(Recorded information):

▬▬▬▬▬▬

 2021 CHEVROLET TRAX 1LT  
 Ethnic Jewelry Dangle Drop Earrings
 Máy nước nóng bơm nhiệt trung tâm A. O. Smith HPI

▬▬▬▬▬▬

(What is expected): Could you return the data above exactly as it stands?

(Output of the exercise):
 2021 CHEVROLET TRAX 1LT  
 Ethnic Jewelry Dangle Drop Earrings
 Máy nước nóng bơm nhiệt trung tâm A. O. Smith HPI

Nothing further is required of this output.